On Feb. 26, Test Pilot George Smith, 31, left his bachelor apartment in Manhattan Beach, Calif, to buy groceries. It was a Saturday, and he was not supposed to be working, but he stopped at the North American plant to turn in some test-flight reports. Just as Smith headed toward his battered Mercury to go home, Dispatcher Bob Gallahue asked him to flight-test a new F-100A jet fighter so that it could be delivered to the Air Force. Pilot Smith put on his flying gear, got into the cockpit, checked instruments and controls. He noticed that the fore-and-aft stick movement, which raises or lowers the nose of the aircraft in flight, was slightly stiff, but he thought nothing of it at the time.

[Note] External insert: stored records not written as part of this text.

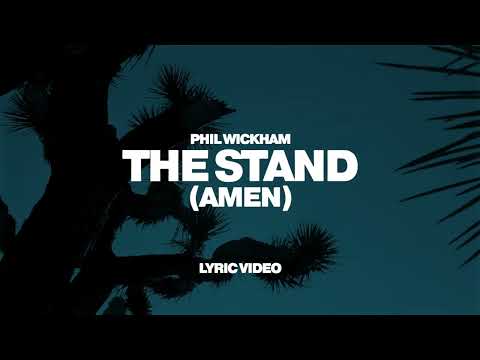 Phil Wickham - The Stand (Amen)[Official Lyric Video]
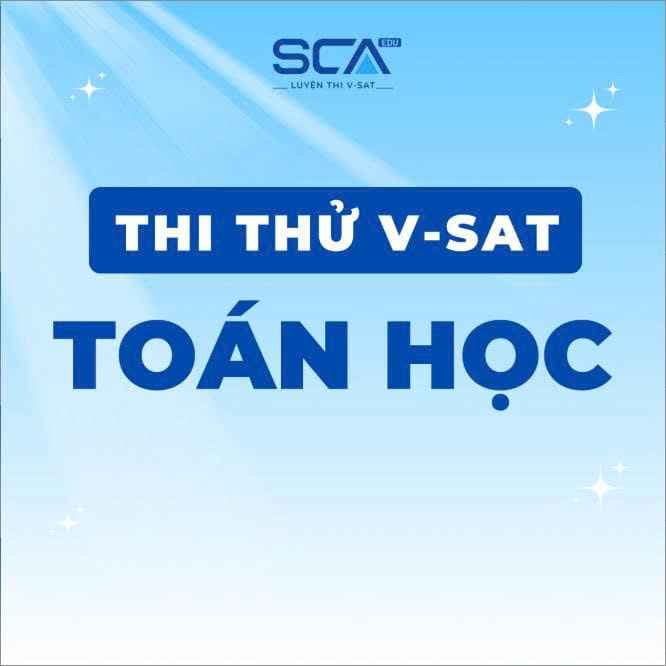 THI THỬ ĐÁNH GIÁ NĂNG LỰC V-SAT THÁNG 2 - MÔN TOÁN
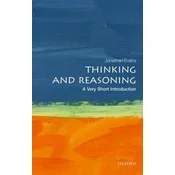 Thinking and Reasoning: A Very Short Introduction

Nose-Heavy. Taking off with his afterburner bellowing full blast, Pilot Smith shot out over the Pacific and pointed his plane upward to test its rate of climb. He broke through cloud cover at 8,000 ft. At 35,000 ft. he approached the speed of sound, still climbing, and felt his ship get slightly nose-heavy. He tried to correct it but could not. Something had gone wrong with the plane.

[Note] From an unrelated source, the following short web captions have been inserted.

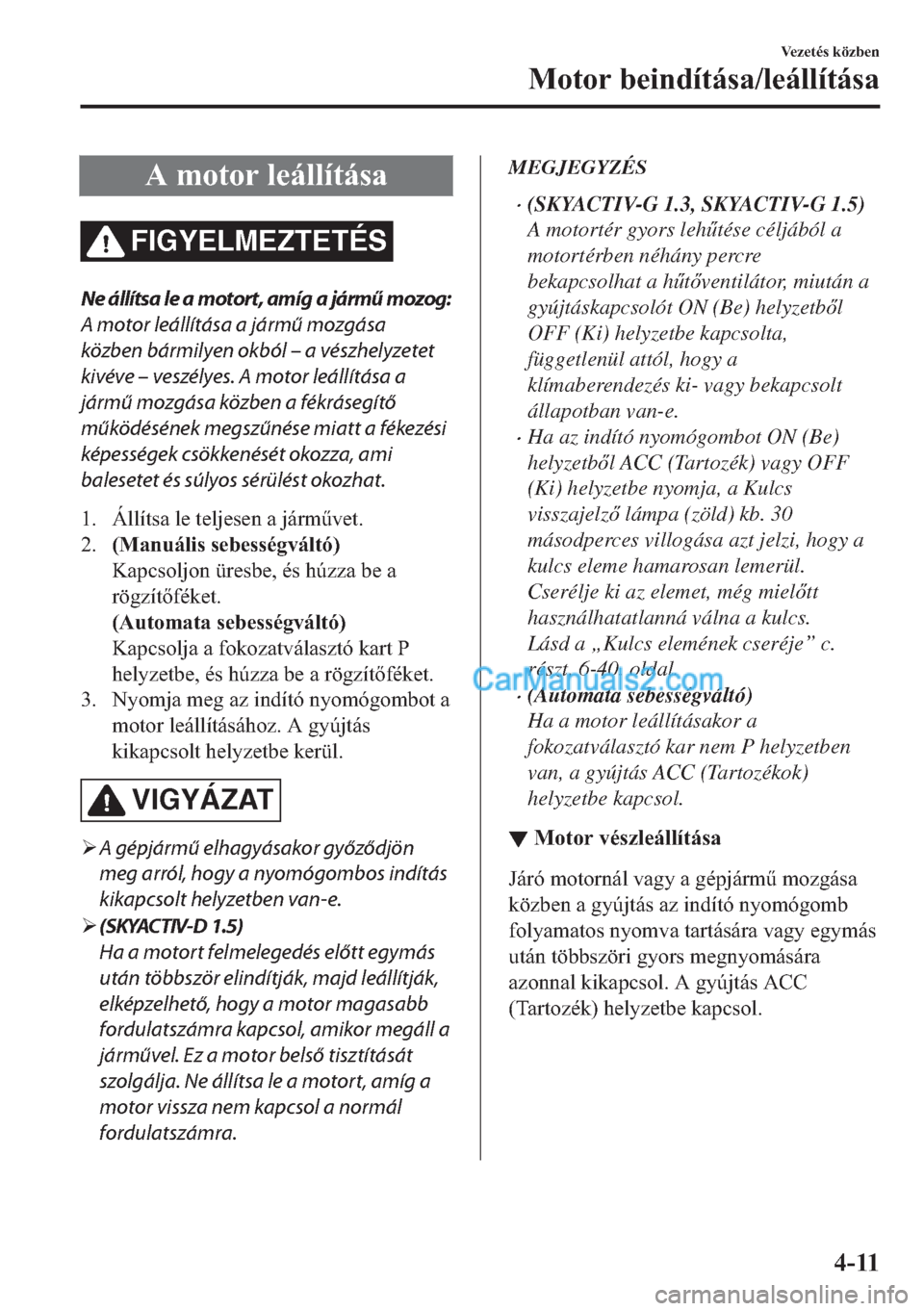 MAZDA MODEL 2 2019  Kezelési útmutató (in Hungarian) �$��P�R�W�R�U��O�H�i�O�O�t�W�i�V�D
FIGYELMEZTETÉS
Ne állítsa le a motort, amíg a jármű mozog:
A motor leállítása a jármű mozgása
közben bármilyen okból – a vészhelyzetet
kivéve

At 37,000 ft. the airplane nosed over. Smith fought his stick, trying to pull it back and get the nose up again. He braced his feet against the rudder pedals and pulled with all the strength of his 6-ft.-1-in., 220-lb. body. The stick would not budge, and the airplane's path steepened into a dive. Smith called the airport tower over his radio: "Lost hydraulic pressure. Controls frozen. Going straight in." By then his dive angle was almost vertical. A pilot in an F-100 saw him head toward the cloud deck. "Bail out!" he begged by radio. "Bail out, George!"

Smith realized without prompting that he was in deadly trouble. He was diving much faster than the speed of sound. He knew that if he bailed out, the hard-fingered wind might rip him to shreds. Smith killed his engine and put on his speed brakes. The hiss of the wind filled the cockpit. His sleek aircraft was losing altitude faster than it was losing speed.

When he ripped through the cloud cover at 8,000 ft., Smith realized that he had two alternatives, neither of them good. "I knew that I had no chance at all by bailing out," he says, "but I preferred this to getting washed away by sand on the bottom of the ocean."

Clap of Sound. As soon as he made his decision, he blew off the canopy—and an enormous sound, like the clap of a big gun, struck into the cockpit. It may have been this sound that has frozen many a pilot who has jettisoned his canopy and then ridden down to death. Perhaps it was a shock wave; no one is sure. But it frightened Pilot Smith as he had never been frightened. Terrified, he crouched forward (the wrong position for ejection). He does not even remember pressing the trigger that shot him out of the aircraft. The last thing he recalls is a glimpse of the machmeter, which read Mach 1.05. This is 777 m.p.h. at his altitude of 6,500 ft.